*** Opening of SUPPLIED DATA ***

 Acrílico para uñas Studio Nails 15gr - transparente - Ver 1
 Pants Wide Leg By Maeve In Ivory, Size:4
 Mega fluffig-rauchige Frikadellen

*** Close of SUPPLIED DATA ***

TASK DESCRIPTION:
Repeat the listing in full, keeping every line exactly as it is.

EXERCISE RESULT:
 Acrílico para uñas Studio Nails 15gr - transparente - Ver 1
 Pants Wide Leg By Maeve In Ivory, Size:4
 Mega fluffig-rauchige Frikadellen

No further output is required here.